Two key factors determine the improvement of an integral sample signal. One is the spatial frequency response of the imaging system. A PSF that fully meets the Nyquist Sampling Theorem would provide the most accurate result when calculating the shape matrix $\mathbb{R}$. The design of high accuracy imaging system should consider the connection between the imaging device and the image sensor as is discussed in Section 2.4. Figure 8 shows the relation between the relative error and the system’s $\sigma$.

Figure 8 also indicates that the demand for high-accuracy imaging systems should focus on producing image sensors with smaller sizes instead of generating imaging devices with smaller PSF. As Section 2.4 discussed, an appropriate $\sigma$ which is about 2 times the pixel’s length is more appropriate for designing a high-accuracy image acquisition system than a small $\sigma$.

The other important factor is the simple fact that the discrete Fourier transform in the algorithm requires the signals to be periodic and continuous at their border. The discontinuous components contribute to the main error in our recovery algorithm, which can be directly spotted from the Gibbs phenomenon in Figure 3 and Figure 6c. To reduce the error induced by the discontinuous components, it might be feasible to apply an additional Gaussian low-pass filter on the integral sampled signal.

The systematic position error caused by the asymmetric integral sampler is vital in high-precision astrometry. For an asymmetric QE function, $0.2$ pixel deviation from one pixel’s geometric center would be enough to cause an obvious drift in the image’s barycenter. Since the ideal integral sampler with uniform QE distribution is far too difficult to achieve, recovering an image with a uniform integral sampler from the asymmetric integral sampler provides an easier yet more accurate method for further studies in high-precision astrometry. However, the problems of sampling require more detailed studies into the full working procedure of a sampler. Despite the intra-pixel sensitivity variation, adding other essential factors such as gains and charge transfer inefficiency to the whole sampling model would be the focus of the next studies.

5. Conclusions

This paper discussed the mathematical model for an integral sampler with uniform quantum efficiency and asymmetric quantum efficiency. The relative error caused by the sampling effect relates strongly to the size of the sensor’s unit compared to the PSF’s size. We provided a thorough correction algorithm for imaging systems with a proper PSF for solving the sampling effect. By testing the algorithm on actual images in a simulated imaging system, we validated the algorithm’s accuracy, which is partially influenced by the accuracy of the simulated integral sampler and Shannon’s interpolation. We also simulated the systematic error in position accuracy caused by the asymmetric integral sampler. This error can be perfectly solved by the correction method for the sampling effect if the QE function is separable. Furthermore, we put forward the essential demand of designing high-accuracy imaging systems. Instead of decreasing the PSF’s size, decreasing the imaging sensor’s size is more critical in improving the system’s overall accuracy.

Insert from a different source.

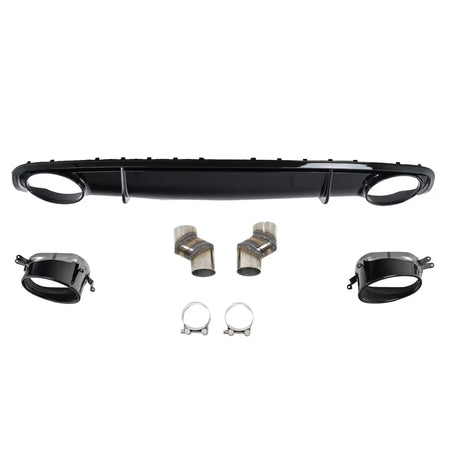 Paraurti Posteriore con Diffusore e Terminali Scarico Audi A4 B8 B8.5 2012-2015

However, this model only simulated and solved a simplified part of the complex IPS problem since the geometric model of the pixel is quite basic. For most current CCD and CMOS chips, the shape of their pixel can be much more complicated, varying from squares to hexagons. Also, the sensitivity variation is a synthesis effect influenced by not only the integral sampler but also the A/D converters which needs further detailed studies. Furthermore, the real integration process is far more complicated than the simple equation in (2) because of the instrumental jittering, which may introduce additional noise into the integration.

In general, the model for the sampling process covers the simplified sampling effect with the unified and asymmetric integral sampler respectively and provides the corresponding correction algorithms for recovering high-accuracy results. This correction algorithm has the potential of improving the accuracy of position and flux detection for imaging systems with an integral sampler with intra-pixel sensitivity variation.